Addenda del sábado, 7 de marzo de 2009.
Artículo de Carlos Ortega, traductor de Simone Weil, publicado en Babelia:

Como un fósforo

Carlos Ortega 07/03/2009

Nació hace cien años. Su vida se extinguió pronto. Tuvo la cualidad de lo ígneo, la condición del fulminante. Se puede decir que se consumió como se consume un fósforo. Se fundió por su propia energía, por su ansia de experimentar la desgracia humana para darle una dirección certera a su pensamiento; por su impaciencia moral, que la llevó a denunciar los totalitarismos que asomaban en Europa en su época, el primer tercio del siglo XX, cuando nadie los atisbaba; por su sentimiento de no resignarse y su horror a quedarse en la retaguardia, que la convirtieron en una mujer de acción, a ella, el ser menos diestro del mundo; por su amor a la verdad; por su espíritu sacrificial. Su atrevida inteligencia le impuso realizar un formidable fregado a la filosofía occidental y al cristianismo. Enunció un nuevo sistema de valores para las sociedades humanas en un auténtico tratado de civilización, y formuló conceptos para la acción política nunca antes descritos. Vio que la relación estética con el mundo está muy cerca de la relación trascendente o religiosa, si no son la misma cosa, y que la ley que las preside a ambas es la atención. Algunos la consideran una santa. ¿Tal vez porque fue casi invisible en su tiempo? En cualquier caso, se trata de alguien con quien, por fin, es posible emplear las grandes palabras sin rubor y sin equivocarse.

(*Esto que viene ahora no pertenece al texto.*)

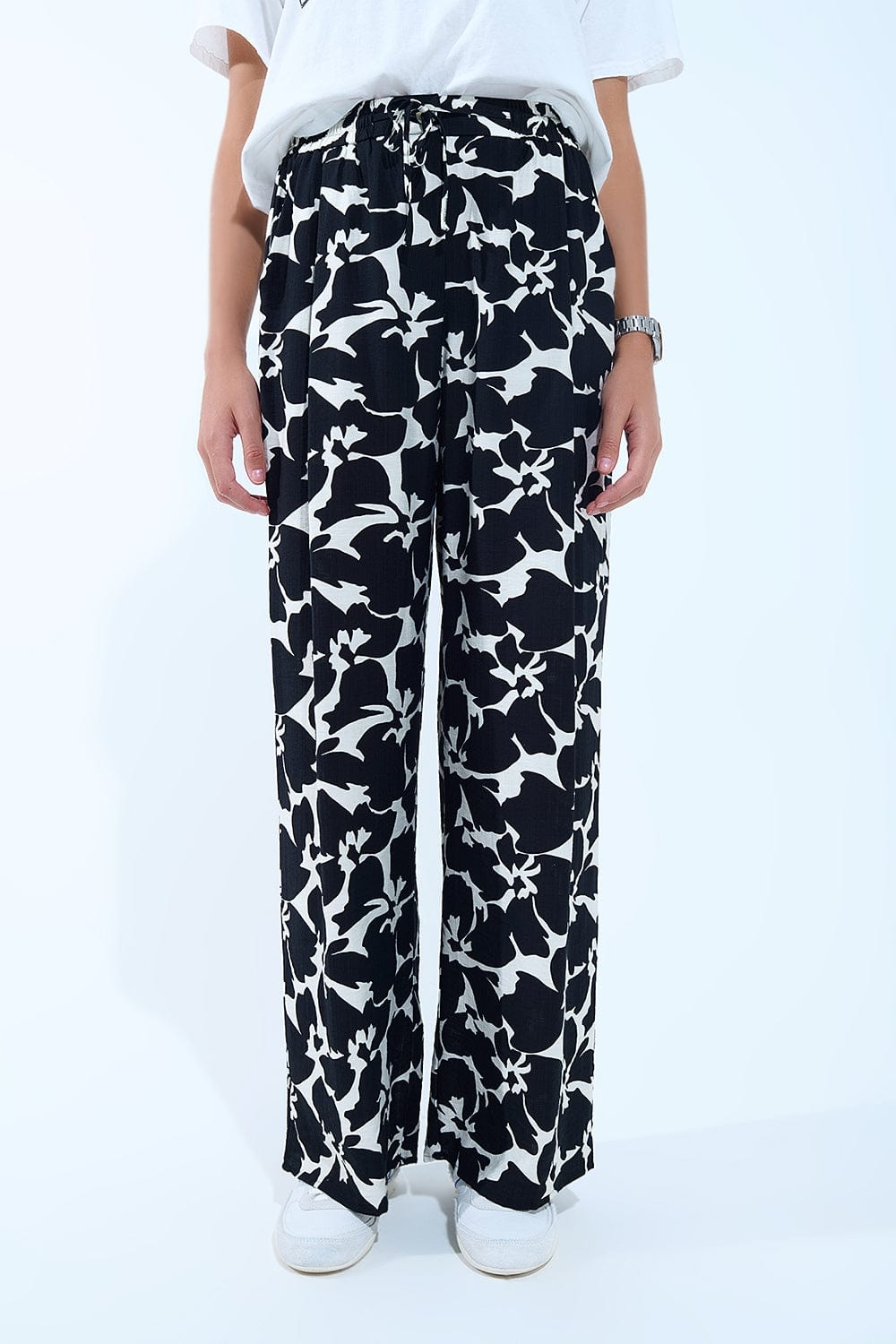 Q2 Women's Pants & Trousers Hawaiian Floral Print Straight Pants In Black And White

Cuando murió en Londres, en 1943, contaba, pues, 34 años. Había dejado escritas miles de páginas. La mayor parte de esos escritos no son sino pensamientos desordenados. No un sistema, sino un enjambre riquísimo de ideas que forman al cabo una filosofía, y que atienden a preocupaciones de índole científica, literaria, moral, histórica, estética, religiosa y política. Puede decirse con una frase ya acuñada que es la mayor pensadora del amor y de la desgracia en el siglo XX. Como un filósofo antiguo, su vida corrió sin contradicciones en paralelo a su obra. Eso le inyectó una autenticidad que no pasa inadvertida. Cruzó por las fábricas de producción estandarizada para conocer en propia carne la esclavitud de los trabajadores manuales, y concibió una misión para nuestra época: fundar una civilización basada en la espiritualidad del trabajo. Sus experiencias místicas sucedieron siempre en el límite de sus escasas fuerzas físicas, como el efecto de una colisión entre el sentimiento de la belleza y el sufrimiento corporal. Hay otras cosas que también chocan en la realidad del hombre: la gravedad, la ley que lo somete, la necesidad que lo empequeñece; y la gracia, la exención que lo libera de su condición, sobre un decorado en el que siempre debe asumir su propio destino. De ese choque primordial parte el desarrollo de todo su audaz pensamiento.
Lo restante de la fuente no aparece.